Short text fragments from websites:
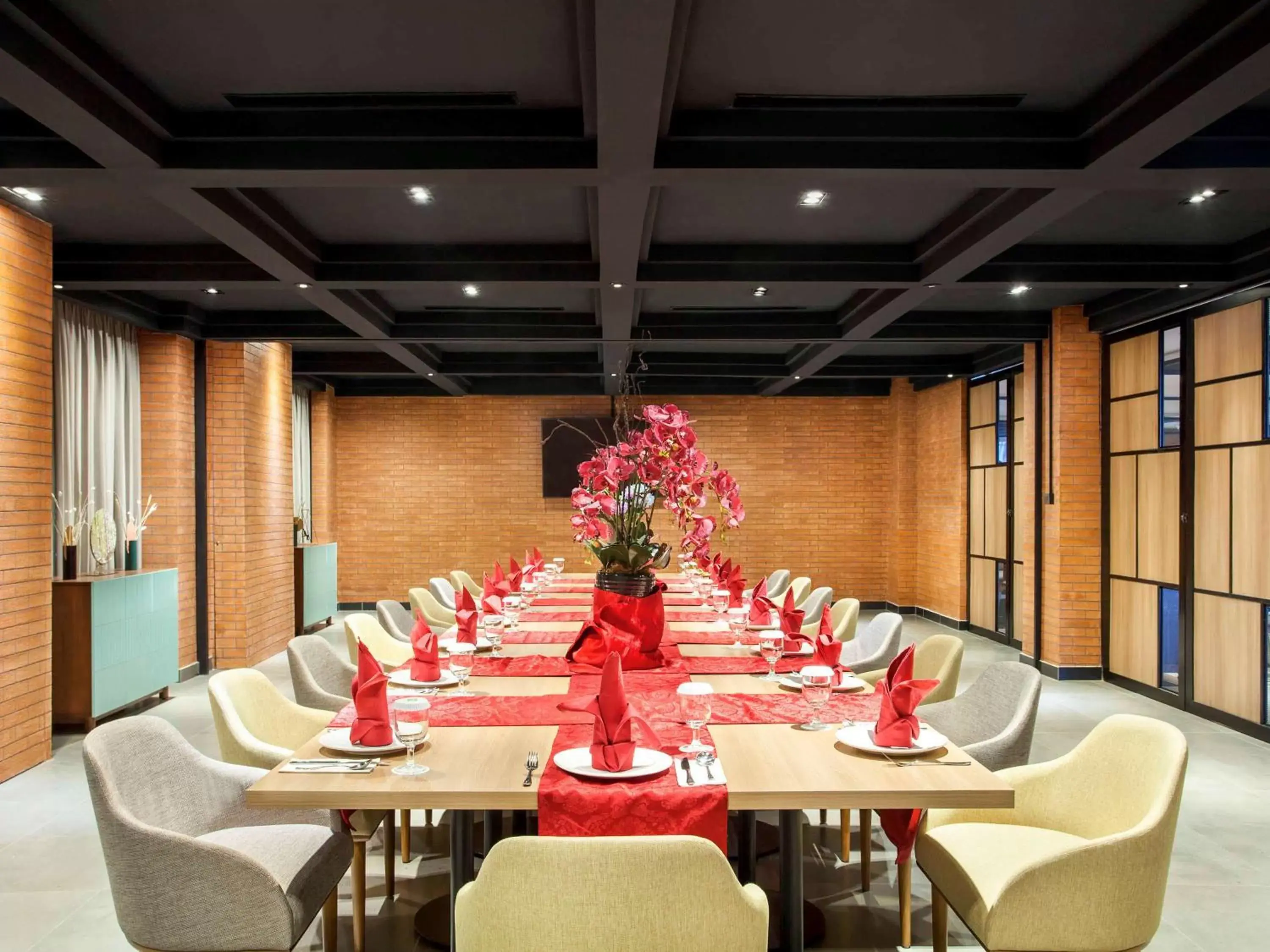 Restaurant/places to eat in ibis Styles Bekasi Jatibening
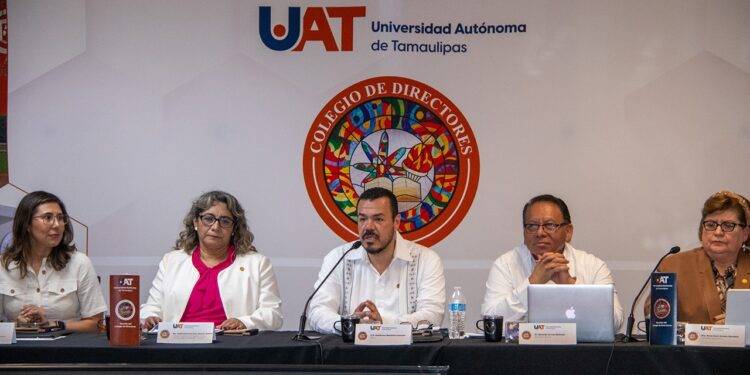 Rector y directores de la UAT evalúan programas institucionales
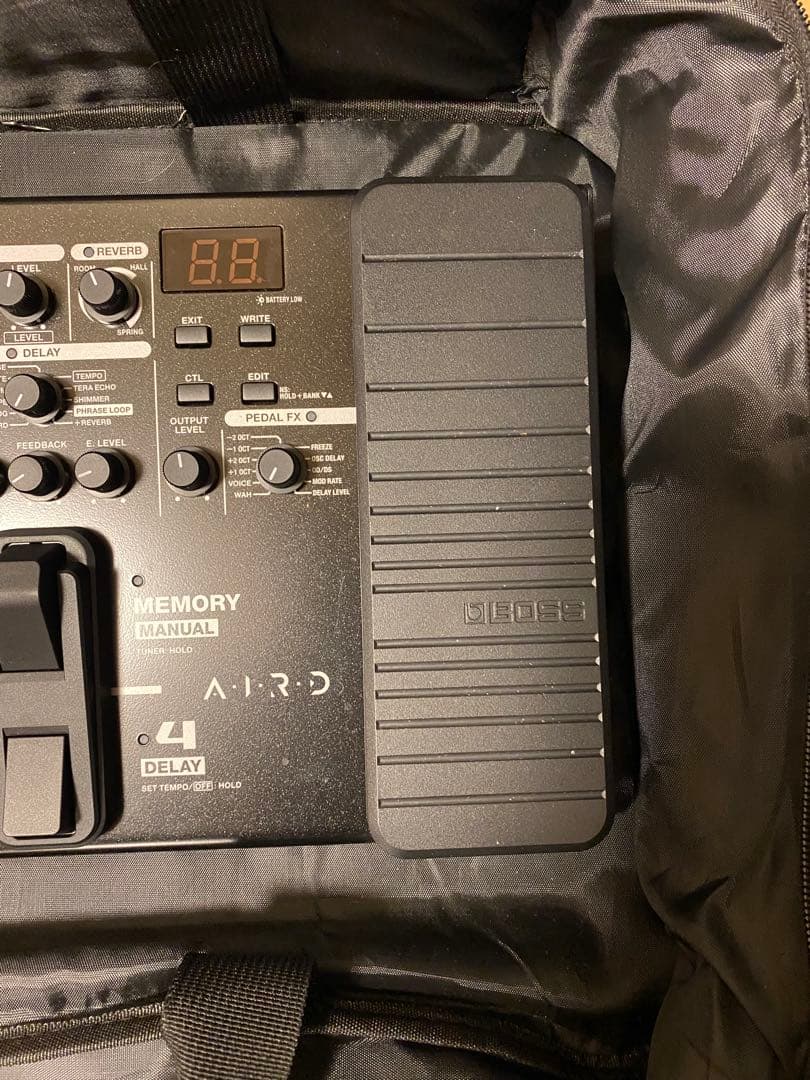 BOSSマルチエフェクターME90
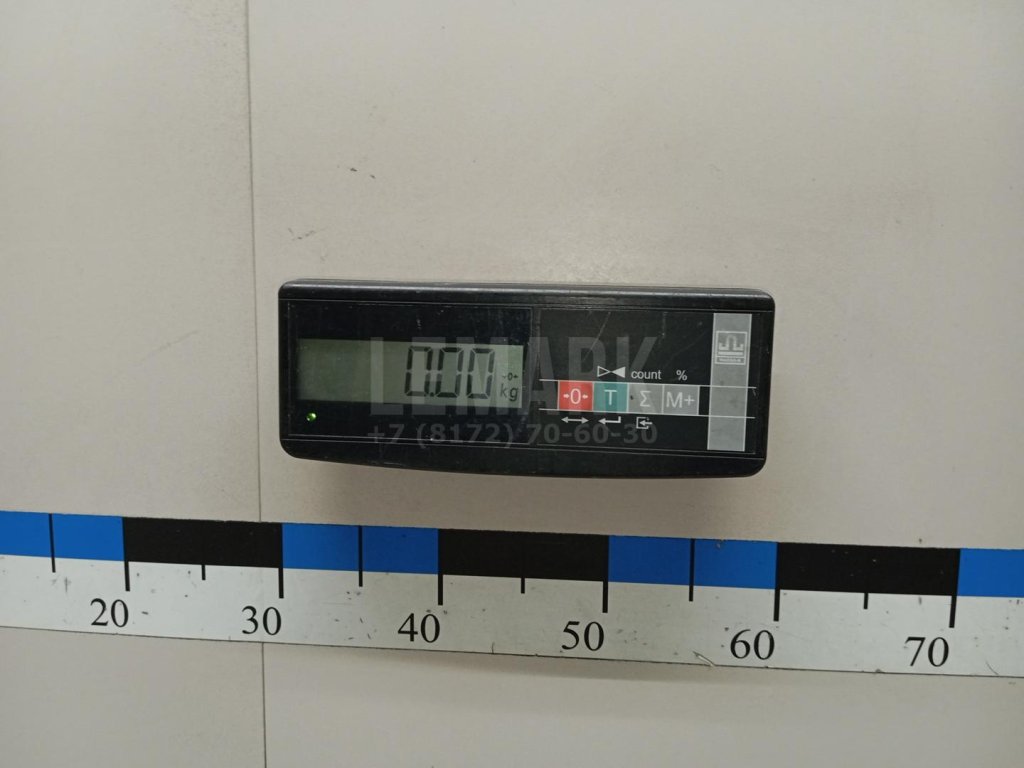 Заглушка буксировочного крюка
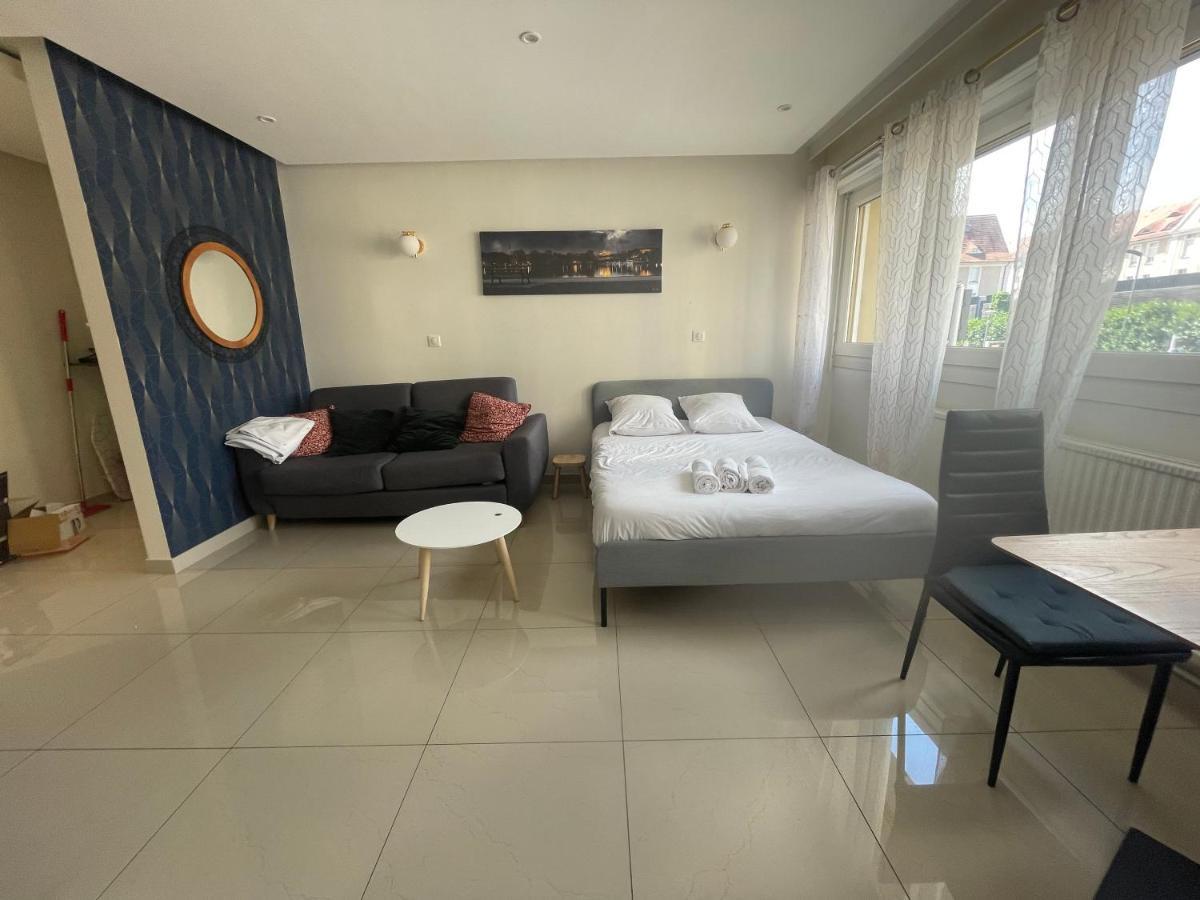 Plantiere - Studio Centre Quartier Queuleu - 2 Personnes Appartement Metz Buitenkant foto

WHAT THE TASK REQUIRES: Although the records contain pictures, the copy should consist of their text alone, reproduced exactly.

COMPLETED EXERCISE:
 Restaurant/places to eat in ibis Styles Bekasi Jatibening
 Rector y directores de la UAT evalúan programas institucionales
 BOSSマルチエフェクターME90
 Заглушка буксировочного крюка
 Plantiere - Studio Centre Quartier Queuleu - 2 Personnes Appartement Metz Buitenkant foto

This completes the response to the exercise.